• [ACTIVITY]: Using the data below, set down every line from the one containing "Gilet fleece con zip nero" through the one containing "2D Structure of", inclusive and unchanged. Pictures are to be skipped.

• [Collection entries]:

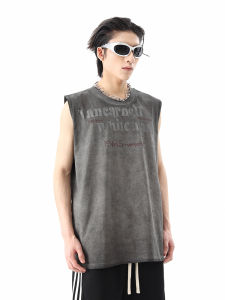 Retro American Washed Pure Cotton Vest Men Summer Trendy Handsome Loose Sports Sleeveless T-Shirt Youth Casual Geometric Pattern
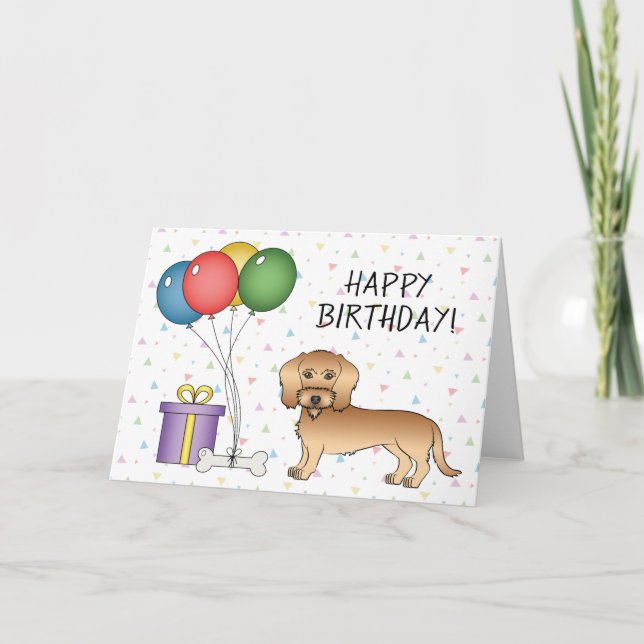 Trådhårig vetefärgad Dachshund Hund Glad Födelseda Kort (Framsida)
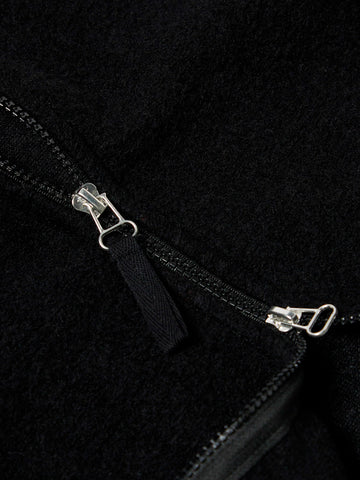 Gilet fleece con zip nero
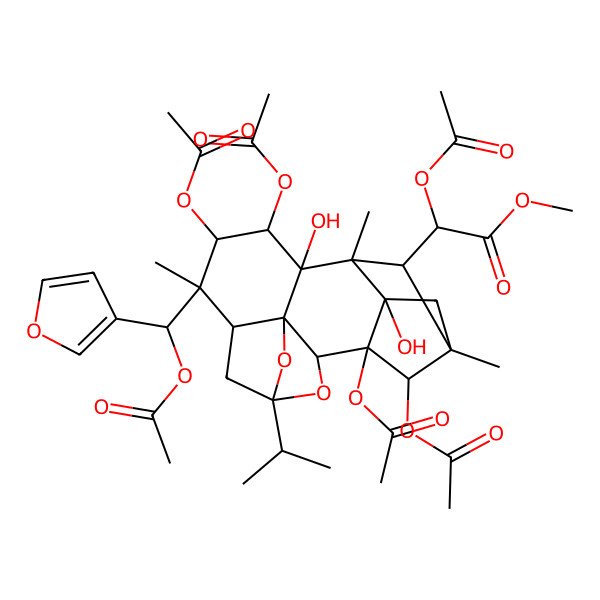 2D Structure of methyl (2R)-2-acetyloxy-2-[(1S,2S,3R,5R,7R,8R,9R,10R,11R,12R,13S,14R,16R,17S)-1,9,10,17-tetraacetyloxy-8-[(S)-acetyloxy(furan-3-yl)methyl]-11,16-dihydroxy-8,12,14-trimethyl-5-propan-2-yl-4,18-dioxahexacyclo[12.2.1.12,5.03,7.03,11.012,16]octadecan-13-yl]acetate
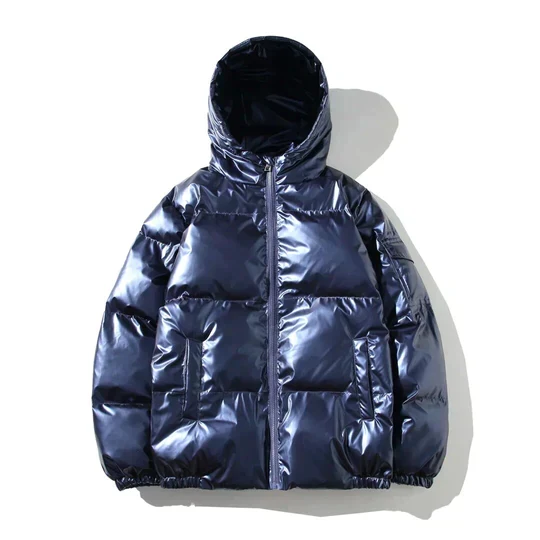 Metallische Winter-Pufferjacke für Herren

• [RESULT OF THIS TASK]:
 Gilet fleece con zip nero
 2D Structure of methyl (2R)-2-acetyloxy-2-[(1S,2S,3R,5R,7R,8R,9R,10R,11R,12R,13S,14R,16R,17S)-1,9,10,17-tetraacetyloxy-8-[(S)-acetyloxy(furan-3-yl)methyl]-11,16-dihydroxy-8,12,14-trimethyl-5-propan-2-yl-4,18-dioxahexacyclo[12.2.1.12,5.03,7.03,11.012,16]octadecan-13-yl]acetate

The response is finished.